Set down again exactly the lines of the listing below that fall between the line holding "Blue Green White" and the line holding "THTEN SF-080 Bladed", inclusive.
=-=-=
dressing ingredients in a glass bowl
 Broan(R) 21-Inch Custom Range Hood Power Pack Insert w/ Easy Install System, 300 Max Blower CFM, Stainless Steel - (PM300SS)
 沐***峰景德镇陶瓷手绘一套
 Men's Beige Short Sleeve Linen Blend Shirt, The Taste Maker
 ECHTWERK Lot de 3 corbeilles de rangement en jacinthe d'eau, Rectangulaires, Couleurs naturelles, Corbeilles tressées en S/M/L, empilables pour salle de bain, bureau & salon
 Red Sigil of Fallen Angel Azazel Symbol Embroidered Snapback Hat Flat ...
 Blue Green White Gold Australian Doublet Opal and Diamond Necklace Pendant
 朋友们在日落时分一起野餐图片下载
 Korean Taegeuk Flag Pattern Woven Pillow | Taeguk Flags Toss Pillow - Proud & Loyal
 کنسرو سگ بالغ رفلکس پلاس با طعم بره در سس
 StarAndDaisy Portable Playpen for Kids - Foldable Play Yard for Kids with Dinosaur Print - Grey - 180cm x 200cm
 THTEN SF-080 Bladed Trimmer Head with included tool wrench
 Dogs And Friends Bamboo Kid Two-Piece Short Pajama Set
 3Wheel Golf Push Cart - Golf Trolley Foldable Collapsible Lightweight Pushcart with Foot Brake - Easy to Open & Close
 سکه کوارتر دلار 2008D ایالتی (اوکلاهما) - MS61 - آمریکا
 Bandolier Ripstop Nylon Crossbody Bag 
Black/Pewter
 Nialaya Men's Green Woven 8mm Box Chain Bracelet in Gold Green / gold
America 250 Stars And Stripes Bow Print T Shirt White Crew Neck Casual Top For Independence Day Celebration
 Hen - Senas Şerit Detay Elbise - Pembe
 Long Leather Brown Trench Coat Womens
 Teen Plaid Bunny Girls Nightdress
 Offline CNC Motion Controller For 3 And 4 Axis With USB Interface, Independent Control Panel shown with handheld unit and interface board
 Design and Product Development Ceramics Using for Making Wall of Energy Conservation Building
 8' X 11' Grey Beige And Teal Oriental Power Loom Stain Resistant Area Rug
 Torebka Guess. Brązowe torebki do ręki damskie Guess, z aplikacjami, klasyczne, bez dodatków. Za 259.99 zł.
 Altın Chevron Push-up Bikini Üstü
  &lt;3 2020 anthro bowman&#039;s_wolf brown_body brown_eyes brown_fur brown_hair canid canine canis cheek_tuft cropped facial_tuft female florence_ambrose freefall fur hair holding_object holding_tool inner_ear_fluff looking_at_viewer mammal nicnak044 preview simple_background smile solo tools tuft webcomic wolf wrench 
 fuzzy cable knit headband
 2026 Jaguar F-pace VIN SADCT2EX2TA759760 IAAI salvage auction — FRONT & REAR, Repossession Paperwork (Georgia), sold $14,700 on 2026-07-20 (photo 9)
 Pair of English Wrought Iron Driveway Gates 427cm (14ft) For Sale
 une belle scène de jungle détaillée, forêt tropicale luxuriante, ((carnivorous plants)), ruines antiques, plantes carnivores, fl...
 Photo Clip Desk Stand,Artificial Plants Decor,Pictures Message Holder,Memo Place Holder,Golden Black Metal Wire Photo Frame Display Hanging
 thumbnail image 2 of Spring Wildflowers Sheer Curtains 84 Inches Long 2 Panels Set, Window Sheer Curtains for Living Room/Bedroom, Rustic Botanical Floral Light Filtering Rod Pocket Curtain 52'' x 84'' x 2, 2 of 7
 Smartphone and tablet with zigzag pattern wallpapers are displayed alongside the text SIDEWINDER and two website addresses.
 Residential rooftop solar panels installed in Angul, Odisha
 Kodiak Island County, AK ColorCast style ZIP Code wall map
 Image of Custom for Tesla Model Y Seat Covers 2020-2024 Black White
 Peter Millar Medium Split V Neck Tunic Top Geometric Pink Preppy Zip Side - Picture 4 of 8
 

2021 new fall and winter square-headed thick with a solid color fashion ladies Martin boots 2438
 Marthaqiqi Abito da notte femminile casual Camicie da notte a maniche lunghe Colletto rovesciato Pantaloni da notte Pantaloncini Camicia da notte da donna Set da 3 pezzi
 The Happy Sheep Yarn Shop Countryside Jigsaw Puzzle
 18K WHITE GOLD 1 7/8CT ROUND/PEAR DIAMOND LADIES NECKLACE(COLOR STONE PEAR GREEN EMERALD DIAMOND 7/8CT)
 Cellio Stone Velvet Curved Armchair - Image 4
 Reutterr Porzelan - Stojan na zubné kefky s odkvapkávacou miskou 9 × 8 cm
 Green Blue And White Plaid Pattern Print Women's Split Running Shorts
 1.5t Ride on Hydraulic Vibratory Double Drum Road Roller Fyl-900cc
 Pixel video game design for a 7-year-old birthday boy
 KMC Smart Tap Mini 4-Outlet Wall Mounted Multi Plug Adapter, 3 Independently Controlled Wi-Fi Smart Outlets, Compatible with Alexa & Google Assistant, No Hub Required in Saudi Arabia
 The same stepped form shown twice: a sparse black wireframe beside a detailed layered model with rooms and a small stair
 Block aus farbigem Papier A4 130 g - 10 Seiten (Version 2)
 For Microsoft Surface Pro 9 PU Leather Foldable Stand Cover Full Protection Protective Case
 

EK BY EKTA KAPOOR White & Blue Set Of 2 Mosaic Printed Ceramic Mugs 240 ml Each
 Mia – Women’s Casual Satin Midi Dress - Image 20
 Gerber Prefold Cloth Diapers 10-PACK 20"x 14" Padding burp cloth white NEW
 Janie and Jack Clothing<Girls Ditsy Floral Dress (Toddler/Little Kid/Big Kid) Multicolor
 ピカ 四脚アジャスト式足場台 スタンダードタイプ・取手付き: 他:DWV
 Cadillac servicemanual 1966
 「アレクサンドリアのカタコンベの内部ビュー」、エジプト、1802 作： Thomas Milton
=-=-=
■ **Expected answer**:
 Blue Green White Gold Australian Doublet Opal and Diamond Necklace Pendant
 朋友们在日落时分一起野餐图片下载
 Korean Taegeuk Flag Pattern Woven Pillow | Taeguk Flags Toss Pillow - Proud & Loyal
 کنسرو سگ بالغ رفلکس پلاس با طعم بره در سس
 StarAndDaisy Portable Playpen for Kids - Foldable Play Yard for Kids with Dinosaur Print - Grey - 180cm x 200cm
 THTEN SF-080 Bladed Trimmer Head with included tool wrench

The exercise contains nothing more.